Но тем не менее Моне и Менчу Пардо отметили двадцатичетырехлетие чрезвычайно оригинальным образом. Вместо обычного вечера для людей их круга они устроили прием для тех, кого принято называть «неимущими». Бедняки из квартала незаконного заселения неподалеку от особняка Пардо были приятно поражены, когда вчера вечером в их квартале появилась длинная череда официантов с подносами — это было угощение, присланное Моне и Менчу Пардо! И заметьте себе, не макароны, не бутерброды, а изысканные блюда: от индейки до мяса на углях! Уж если Моне и Менчу устраивают прием — пускай это будет «антиприем», как в этот раз, все делается по высшему разряду!

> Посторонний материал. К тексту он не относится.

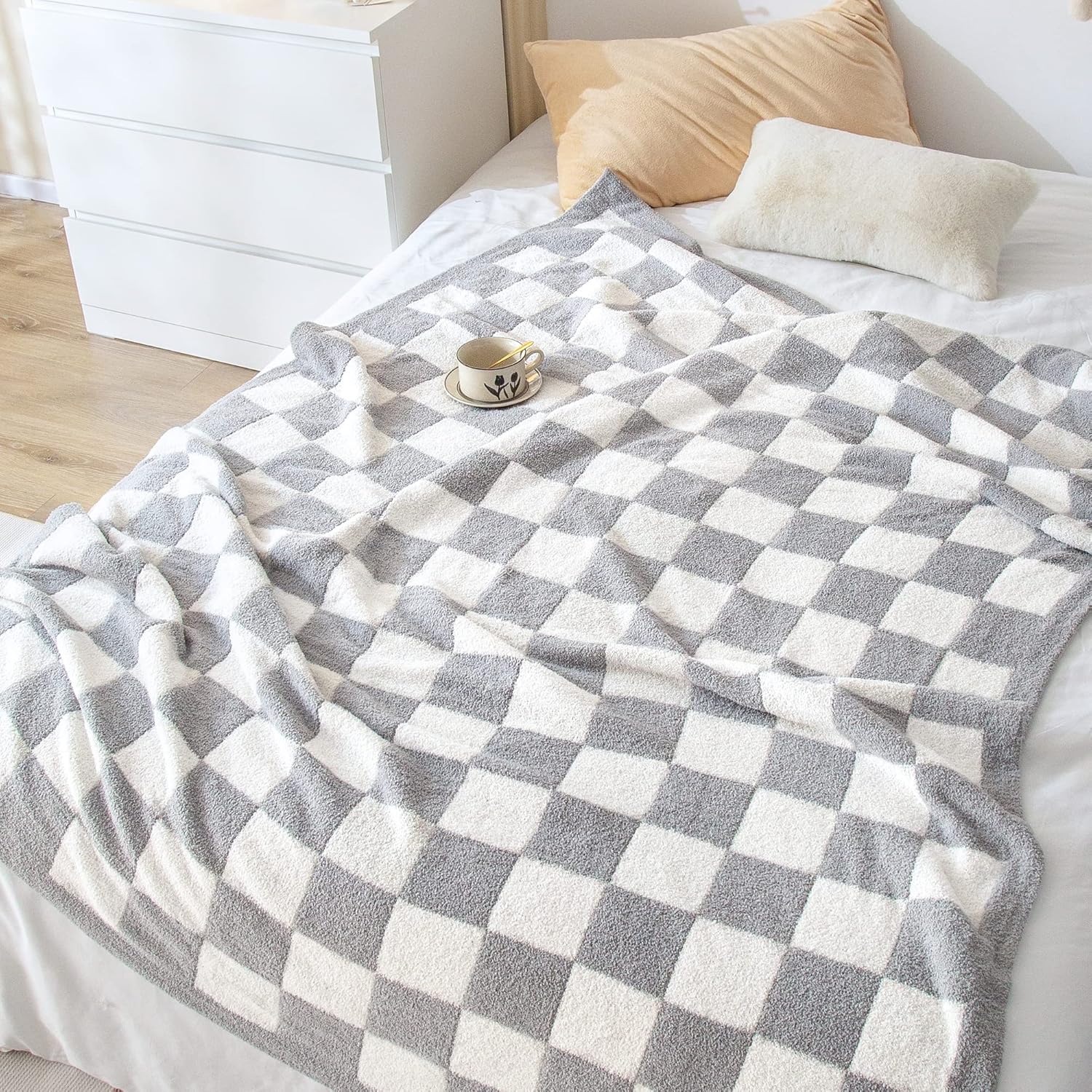 SeaRoomy Checkered Throw Blanket, Ultra Soft Reversible Checkerboard Knitted Blanket, Warm Cozy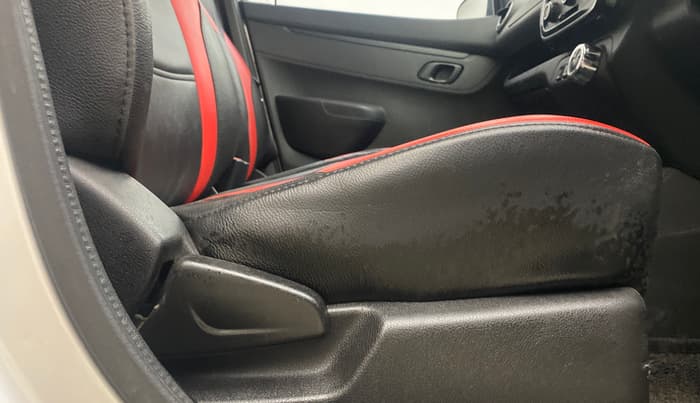 2017 Renault Kwid RXT 1.0 AMT, Petrol, Automatic, 59,705 km, Driver Side Adjustment Panel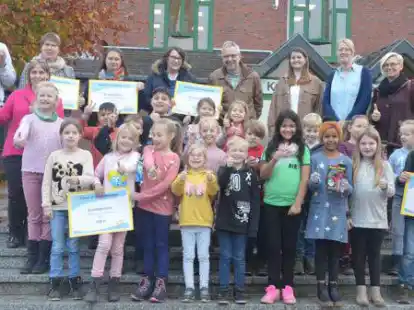 Sind besonders engagiert in Sachen Umwelt, Klima und Nachhaltigkeit: Erzieherinnen, Lehrer und Lehrerinnen sowie Sch&uuml;lerinnen und Sch&uuml;ler vom Projekt &bdquo;Energiesparkids&ldquo;.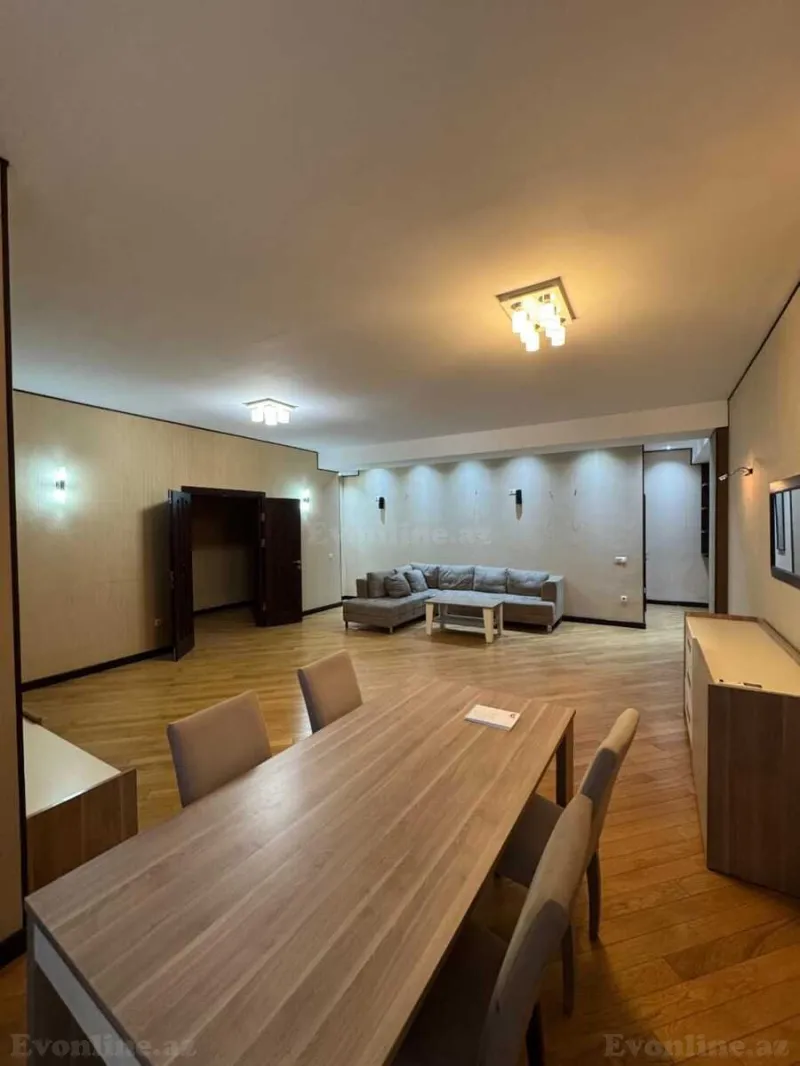 Satılır 4 otaqlı Mənzil Yeni tikili 190 m² 28 May m. - şəkil 2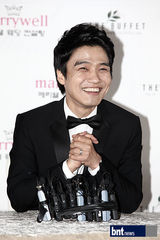 组图：韩国笑星赵志勋大婚 HAHA献歌众星祝贺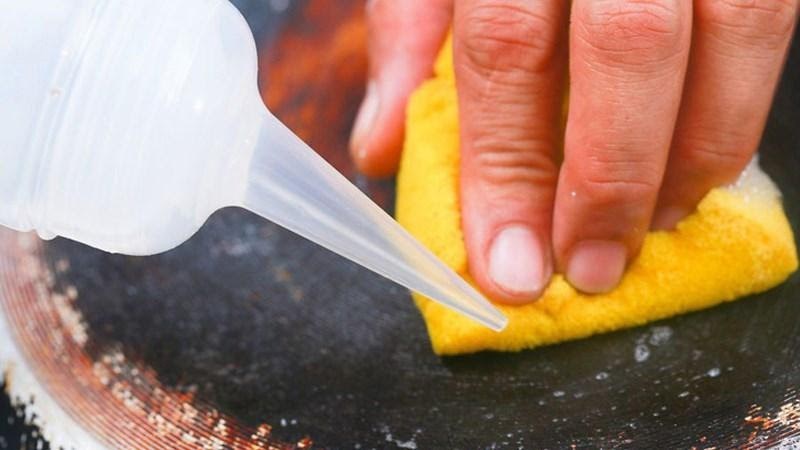 Combine dishwashing liquid, baking soda, and vinegar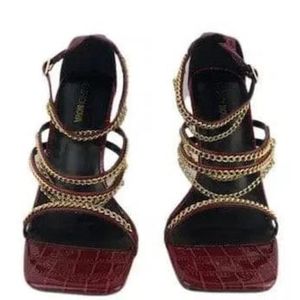 Fashion Nova women's wine heeled sandals size 9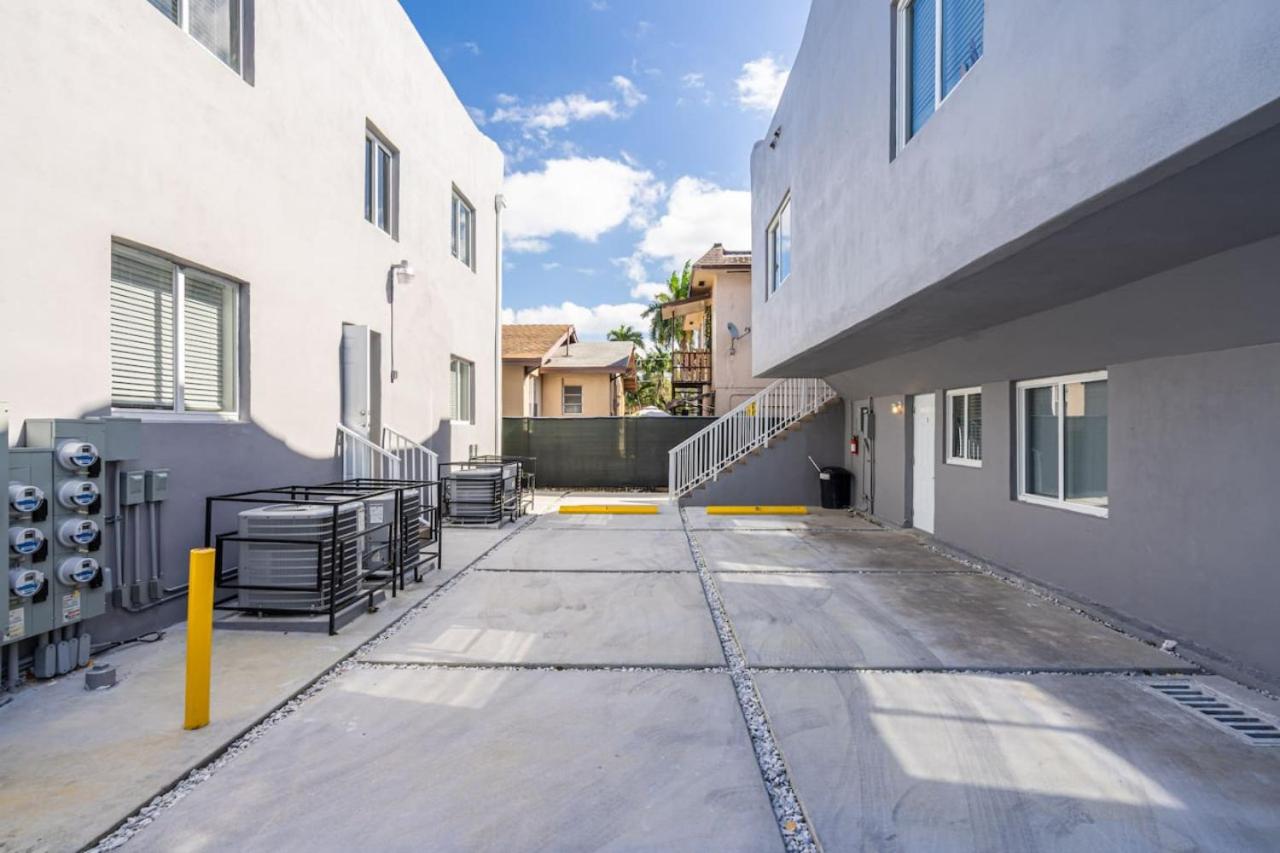 Charming 2BR Apt 5 min to Brickell Free Parking
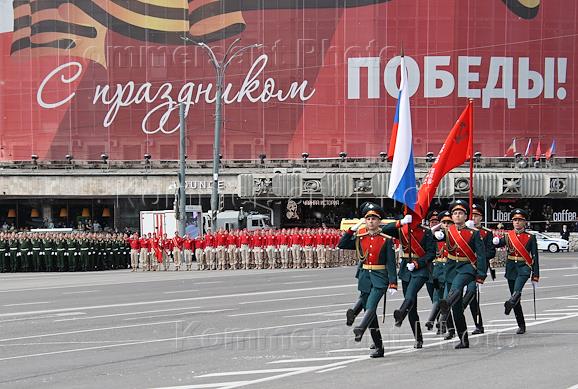 Военный парад войск Ростовского гарнизона, посвященный 79-й годовщине Победы в Великой Отечественной войне, на Театральной площади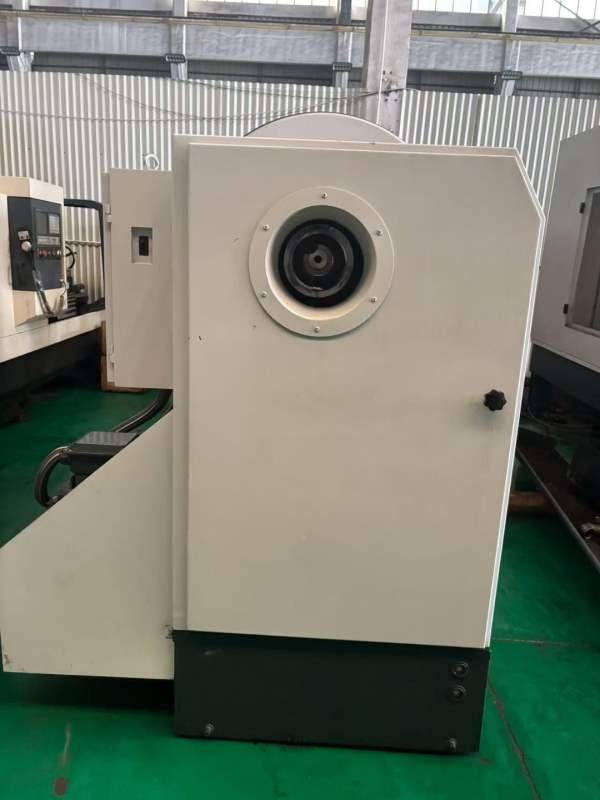 丹东华骏CFW61125B普通车床加工规格：回转直径1250mm.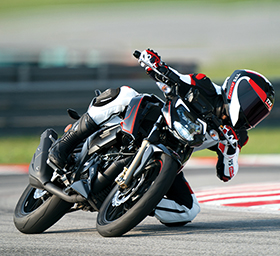 Apache RTR 200 4V motorcycle Overview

Но это еще не все. Узнав, что молодежь, которая участвовала во вчерашнем «Народном марше», все еще на улицах, несмотря на поздний час, Менчу Пардо распорядилась отвезти часть еды, приготовленной для неимущих, студентам-демонстрантам. Бедные детки, наверное, еще не ужинали, сказала Менчу. Еду повезли в центр города на одной из машин Менчу, и утомленные бунтари, сидевшие на тротуарах, явно никогда за свои юные жизни не удивлялись больше, чем в тот миг, когда им стали подавать жаркое прямо из лимузина!
Менчу Пардо заявила: «Нам с Моне довелось пережить вместе немало счастливых часов, но «антиприем», который мы вчера устроили, стал самым, радостным праздником нашей совместной жизни!»
Хорошо сказано, Менчу, господь тебя благослови. И побольше бы нам таких людей!»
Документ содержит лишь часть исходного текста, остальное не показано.